> [PROBLEM DETAILS]
Print the lines of the data, starting with the first, up to and including the line where "Crispy Ramen Slaw" appears.

> [INFORMATION SHOWN]
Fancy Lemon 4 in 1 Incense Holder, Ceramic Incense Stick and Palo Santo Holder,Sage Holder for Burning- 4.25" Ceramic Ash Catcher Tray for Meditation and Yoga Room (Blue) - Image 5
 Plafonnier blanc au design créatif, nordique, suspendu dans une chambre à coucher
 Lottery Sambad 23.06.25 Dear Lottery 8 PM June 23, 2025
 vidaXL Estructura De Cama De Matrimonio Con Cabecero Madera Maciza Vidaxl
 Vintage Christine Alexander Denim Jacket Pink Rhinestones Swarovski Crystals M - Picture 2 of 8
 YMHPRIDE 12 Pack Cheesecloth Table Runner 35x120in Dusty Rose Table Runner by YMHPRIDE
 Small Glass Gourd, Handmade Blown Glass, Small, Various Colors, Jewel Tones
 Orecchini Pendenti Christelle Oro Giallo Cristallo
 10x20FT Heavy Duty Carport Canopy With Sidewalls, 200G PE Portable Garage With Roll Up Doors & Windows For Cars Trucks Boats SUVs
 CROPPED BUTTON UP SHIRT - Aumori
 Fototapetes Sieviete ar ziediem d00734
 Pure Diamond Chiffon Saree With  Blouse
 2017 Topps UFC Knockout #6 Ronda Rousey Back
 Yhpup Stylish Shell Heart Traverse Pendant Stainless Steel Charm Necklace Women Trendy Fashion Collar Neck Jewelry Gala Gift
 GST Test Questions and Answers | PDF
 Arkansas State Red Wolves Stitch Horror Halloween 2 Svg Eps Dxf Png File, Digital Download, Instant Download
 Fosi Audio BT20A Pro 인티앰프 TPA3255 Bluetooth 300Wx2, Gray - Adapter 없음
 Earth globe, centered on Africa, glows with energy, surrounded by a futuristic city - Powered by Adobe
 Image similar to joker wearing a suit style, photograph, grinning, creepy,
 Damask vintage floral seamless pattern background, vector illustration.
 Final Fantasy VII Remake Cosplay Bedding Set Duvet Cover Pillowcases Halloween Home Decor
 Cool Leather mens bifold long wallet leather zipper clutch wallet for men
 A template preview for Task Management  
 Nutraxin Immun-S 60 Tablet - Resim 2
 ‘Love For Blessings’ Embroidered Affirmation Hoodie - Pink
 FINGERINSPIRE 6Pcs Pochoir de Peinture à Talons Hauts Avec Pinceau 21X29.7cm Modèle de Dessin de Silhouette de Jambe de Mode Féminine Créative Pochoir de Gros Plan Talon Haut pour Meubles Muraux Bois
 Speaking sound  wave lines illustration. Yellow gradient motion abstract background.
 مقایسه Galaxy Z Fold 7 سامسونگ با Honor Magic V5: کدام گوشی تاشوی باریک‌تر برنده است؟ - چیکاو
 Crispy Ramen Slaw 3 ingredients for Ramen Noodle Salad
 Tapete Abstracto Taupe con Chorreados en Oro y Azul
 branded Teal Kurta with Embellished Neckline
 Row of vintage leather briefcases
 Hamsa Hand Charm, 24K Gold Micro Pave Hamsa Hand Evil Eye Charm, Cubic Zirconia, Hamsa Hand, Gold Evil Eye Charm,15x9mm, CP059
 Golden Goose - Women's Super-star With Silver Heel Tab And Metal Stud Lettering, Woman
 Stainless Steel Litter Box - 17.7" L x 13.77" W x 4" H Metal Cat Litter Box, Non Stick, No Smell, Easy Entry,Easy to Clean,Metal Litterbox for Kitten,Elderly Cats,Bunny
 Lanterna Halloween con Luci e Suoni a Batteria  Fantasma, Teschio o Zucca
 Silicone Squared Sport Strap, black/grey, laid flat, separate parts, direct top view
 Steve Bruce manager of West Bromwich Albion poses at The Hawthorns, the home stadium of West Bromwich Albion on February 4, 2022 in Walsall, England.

> [REPLY]
Fancy Lemon 4 in 1 Incense Holder, Ceramic Incense Stick and Palo Santo Holder,Sage Holder for Burning- 4.25" Ceramic Ash Catcher Tray for Meditation and Yoga Room (Blue) - Image 5
 Plafonnier blanc au design créatif, nordique, suspendu dans une chambre à coucher
 Lottery Sambad 23.06.25 Dear Lottery 8 PM June 23, 2025
 vidaXL Estructura De Cama De Matrimonio Con Cabecero Madera Maciza Vidaxl
 Vintage Christine Alexander Denim Jacket Pink Rhinestones Swarovski Crystals M - Picture 2 of 8
 YMHPRIDE 12 Pack Cheesecloth Table Runner 35x120in Dusty Rose Table Runner by YMHPRIDE
 Small Glass Gourd, Handmade Blown Glass, Small, Various Colors, Jewel Tones
 Orecchini Pendenti Christelle Oro Giallo Cristallo
 10x20FT Heavy Duty Carport Canopy With Sidewalls, 200G PE Portable Garage With Roll Up Doors & Windows For Cars Trucks Boats SUVs
 CROPPED BUTTON UP SHIRT - Aumori
 Fototapetes Sieviete ar ziediem d00734
 Pure Diamond Chiffon Saree With  Blouse
 2017 Topps UFC Knockout #6 Ronda Rousey Back
 Yhpup Stylish Shell Heart Traverse Pendant Stainless Steel Charm Necklace Women Trendy Fashion Collar Neck Jewelry Gala Gift
 GST Test Questions and Answers | PDF
 Arkansas State Red Wolves Stitch Horror Halloween 2 Svg Eps Dxf Png File, Digital Download, Instant Download
 Fosi Audio BT20A Pro 인티앰프 TPA3255 Bluetooth 300Wx2, Gray - Adapter 없음
 Earth globe, centered on Africa, glows with energy, surrounded by a futuristic city - Powered by Adobe
 Image similar to joker wearing a suit style, photograph, grinning, creepy,
 Damask vintage floral seamless pattern background, vector illustration.
 Final Fantasy VII Remake Cosplay Bedding Set Duvet Cover Pillowcases Halloween Home Decor
 Cool Leather mens bifold long wallet leather zipper clutch wallet for men
 A template preview for Task Management  
 Nutraxin Immun-S 60 Tablet - Resim 2
 ‘Love For Blessings’ Embroidered Affirmation Hoodie - Pink
 FINGERINSPIRE 6Pcs Pochoir de Peinture à Talons Hauts Avec Pinceau 21X29.7cm Modèle de Dessin de Silhouette de Jambe de Mode Féminine Créative Pochoir de Gros Plan Talon Haut pour Meubles Muraux Bois
 Speaking sound  wave lines illustration. Yellow gradient motion abstract background.
 مقایسه Galaxy Z Fold 7 سامسونگ با Honor Magic V5: کدام گوشی تاشوی باریک‌تر برنده است؟ - چیکاو
 Crispy Ramen Slaw 3 ingredients for Ramen Noodle Salad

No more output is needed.